Indian equity markets are trading within a range with intraday volatility running high. Global cues are supportive, but we are not reactive to them. Nifty has an immediate resistance zone at 18,200–18,250, while the base has shifted into the 18,000–17,950 zone.
The volatility index, India VIX, is still below the 14 mark, but it is likely to pick up ahead of the Budget. The range is narrowing, but the market can't remain in range for a long time, and we can expect a breakout or breakdown in the coming days where budget will be a key domestic event.
On the upside, if Nifty takes out 18,250 level, then 18,500 and 18,650 will be the next target levels. On the downside, if index slips below 17,950 level, then 17,750 is a sacrosanct support level.
Bank Nifty is also trading rangebound, where 43,000 is an immediate psychological hurdle and 43,500 and 44,000 are the next target levels. On the downside, the 20-DMA of 42,600 is an immediate support level, and 42,000–41,725 is the next support zone.
Here are three buy calls for next 2-3 weeks:
Sonata Software: Buy | LTP: Rs 624 | Stop-Loss: Rs 575 | Target: Rs 724 | Return: 16 percent
The counter is witnessing the breakout of a classic Inverse Head and Shoulder formation, which is then followed by a meaningful correction.

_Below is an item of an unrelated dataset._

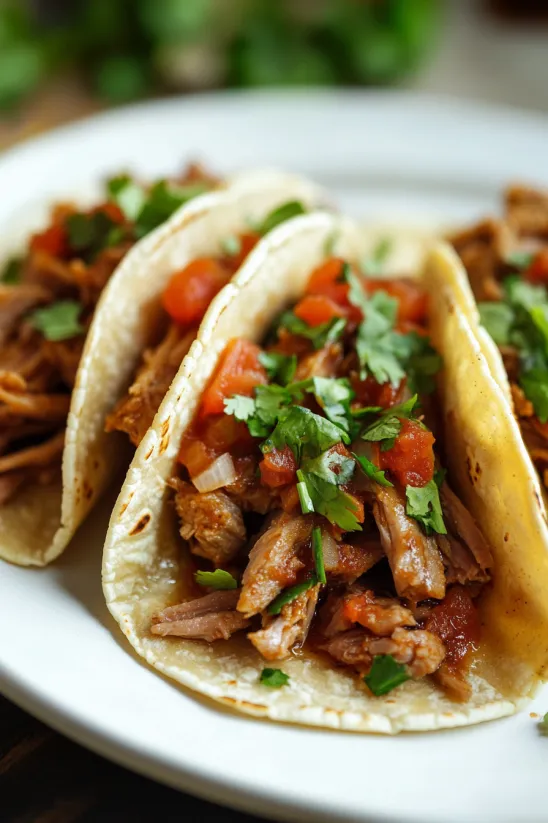 Slow-Cooker Carnitas (Mexican Pulled Pork) on a plate.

It is trading above all its important moving averages with a positive bias in momentum indicators.
On a longer time scale, it is respecting the flag formation breakout.
On the higher side, Rs 650 is acting as an important psychological level; above this, we can expect the level of Rs 700+ in the near-short term, while on the lower side, Rs 575 will act as a major support during any correction.

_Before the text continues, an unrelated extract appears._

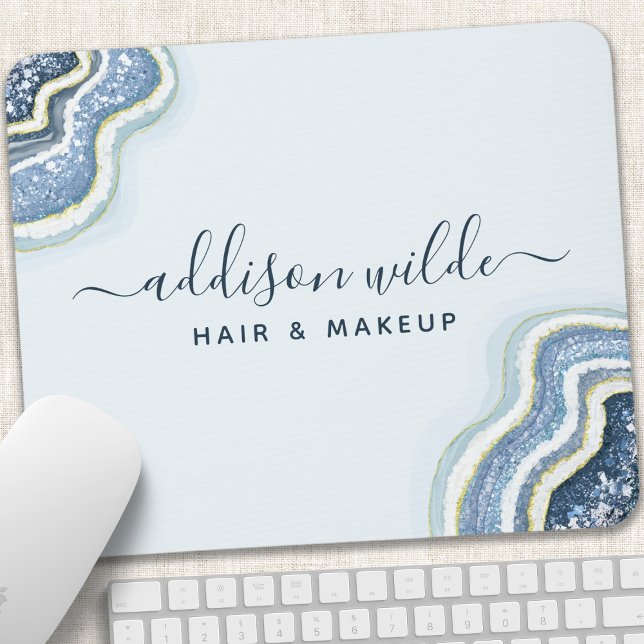 Blå Glitter Agat Geod Lyx Chic Musmatta (Skapare uppladdad)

Vadilal Industries: Buy | LTP: Rs 2,943 | Stop-Loss: Rs 2,700 | Target: Rs 3,434 | Return: 16 percent
The counter is in a classical uptrend. It is bouncing back from around a 38.2 percent retracement of the previous rally. It is trading above its all-important moving averages with higher highs and higher low formations.

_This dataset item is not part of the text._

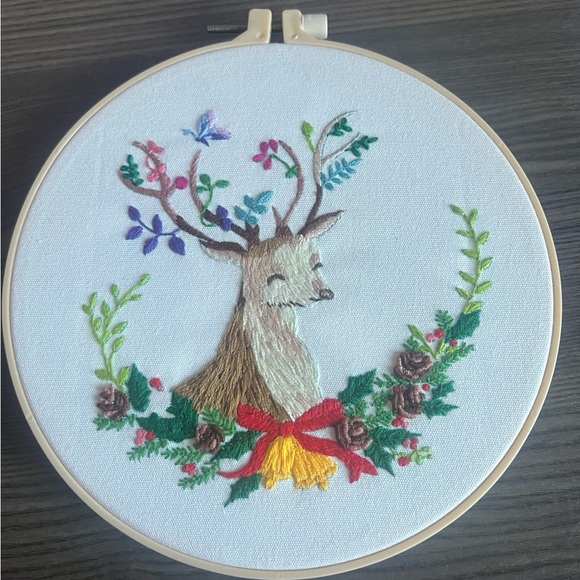 Hand Crafted Embroidered Deer with Floral Design -...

On the higher time frame, there is a breakout of a bullish flag formation, which suggests much more potential upside in this counter. The momentum indicator RSI (relative strength index) is trading above the 50 mark with a positive bias, whereas MACD (moving average convergence divergence) is witnessing a centerline crossover.
On the upside, Rs 3,000 will be an immediate hurdle, but Rs 3,400+ looks like an imminent target in the near term. On the downside, the 50-DMA or Rs 2,700 is a strong support level.
Gravita India: Buy | LTP: Rs 499 | Stop-Loss: Rs 443 | Target: Rs 600 | Return: 20 percent
The counter is in an awesome uptrend with a breakout of long consolidation and strong volume. The overall structure of the counter is very lucrative, as it is trading above all important moving averages. On the higher time frame, there is a breakout of a Bullish Flag formation, which suggests much more potential upside in this counter.
The momentum indicator RSI is positively poised, whereas MACD is witnessing a centerline crossover on the upside.
On the higher side, Rs 500 is acting as an important psychological level; above this, we can expect the level of Rs 600+ in the near-short term, while on the lower side, Rs 443 will act as a major support during any correction.